- **EXERCISE AIM**
Nothing in the records should differ when they are repeated. Restate them word for word.

- **Items listed in a dataset**
■ ■ ■ ■

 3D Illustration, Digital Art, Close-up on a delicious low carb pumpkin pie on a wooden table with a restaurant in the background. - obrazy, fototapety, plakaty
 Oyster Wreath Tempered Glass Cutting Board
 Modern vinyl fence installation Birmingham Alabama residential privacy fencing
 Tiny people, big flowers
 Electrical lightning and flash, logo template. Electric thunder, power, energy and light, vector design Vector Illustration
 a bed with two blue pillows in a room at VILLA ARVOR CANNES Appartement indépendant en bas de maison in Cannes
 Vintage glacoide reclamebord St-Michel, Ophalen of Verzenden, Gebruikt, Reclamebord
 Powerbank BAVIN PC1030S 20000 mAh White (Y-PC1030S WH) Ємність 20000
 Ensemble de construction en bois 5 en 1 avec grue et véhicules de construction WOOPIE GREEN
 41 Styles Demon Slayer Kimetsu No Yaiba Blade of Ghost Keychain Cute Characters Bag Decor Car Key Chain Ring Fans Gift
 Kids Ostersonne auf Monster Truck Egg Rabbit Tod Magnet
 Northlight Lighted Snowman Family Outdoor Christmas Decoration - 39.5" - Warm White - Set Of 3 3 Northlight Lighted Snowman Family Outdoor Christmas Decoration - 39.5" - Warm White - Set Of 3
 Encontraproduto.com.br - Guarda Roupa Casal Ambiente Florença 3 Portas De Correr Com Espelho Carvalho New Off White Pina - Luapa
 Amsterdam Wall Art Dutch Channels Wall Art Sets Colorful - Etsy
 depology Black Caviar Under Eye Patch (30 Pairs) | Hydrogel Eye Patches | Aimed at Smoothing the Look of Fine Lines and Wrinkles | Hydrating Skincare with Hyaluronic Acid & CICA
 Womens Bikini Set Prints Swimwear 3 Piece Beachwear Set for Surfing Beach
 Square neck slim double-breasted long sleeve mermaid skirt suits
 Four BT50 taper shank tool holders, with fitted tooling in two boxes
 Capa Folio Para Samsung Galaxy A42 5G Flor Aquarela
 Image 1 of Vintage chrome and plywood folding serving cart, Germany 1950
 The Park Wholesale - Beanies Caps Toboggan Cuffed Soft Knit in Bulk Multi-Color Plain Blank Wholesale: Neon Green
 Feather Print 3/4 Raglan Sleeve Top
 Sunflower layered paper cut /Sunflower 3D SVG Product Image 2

■ ■ ■ ■

- **REPLY TO THE EXERCISE**
 3D Illustration, Digital Art, Close-up on a delicious low carb pumpkin pie on a wooden table with a restaurant in the background. - obrazy, fototapety, plakaty
 Oyster Wreath Tempered Glass Cutting Board
 Modern vinyl fence installation Birmingham Alabama residential privacy fencing
 Tiny people, big flowers
 Electrical lightning and flash, logo template. Electric thunder, power, energy and light, vector design Vector Illustration
 a bed with two blue pillows in a room at VILLA ARVOR CANNES Appartement indépendant en bas de maison in Cannes
 Vintage glacoide reclamebord St-Michel, Ophalen of Verzenden, Gebruikt, Reclamebord
 Powerbank BAVIN PC1030S 20000 mAh White (Y-PC1030S WH) Ємність 20000
 Ensemble de construction en bois 5 en 1 avec grue et véhicules de construction WOOPIE GREEN
 41 Styles Demon Slayer Kimetsu No Yaiba Blade of Ghost Keychain Cute Characters Bag Decor Car Key Chain Ring Fans Gift
 Kids Ostersonne auf Monster Truck Egg Rabbit Tod Magnet
 Northlight Lighted Snowman Family Outdoor Christmas Decoration - 39.5" - Warm White - Set Of 3 3 Northlight Lighted Snowman Family Outdoor Christmas Decoration - 39.5" - Warm White - Set Of 3
 Encontraproduto.com.br - Guarda Roupa Casal Ambiente Florença 3 Portas De Correr Com Espelho Carvalho New Off White Pina - Luapa
 Amsterdam Wall Art Dutch Channels Wall Art Sets Colorful - Etsy
 depology Black Caviar Under Eye Patch (30 Pairs) | Hydrogel Eye Patches | Aimed at Smoothing the Look of Fine Lines and Wrinkles | Hydrating Skincare with Hyaluronic Acid & CICA
 Womens Bikini Set Prints Swimwear 3 Piece Beachwear Set for Surfing Beach
 Square neck slim double-breasted long sleeve mermaid skirt suits
 Four BT50 taper shank tool holders, with fitted tooling in two boxes
 Capa Folio Para Samsung Galaxy A42 5G Flor Aquarela
 Image 1 of Vintage chrome and plywood folding serving cart, Germany 1950
 The Park Wholesale - Beanies Caps Toboggan Cuffed Soft Knit in Bulk Multi-Color Plain Blank Wholesale: Neon Green
 Feather Print 3/4 Raglan Sleeve Top
 Sunflower layered paper cut /Sunflower 3D SVG Product Image 2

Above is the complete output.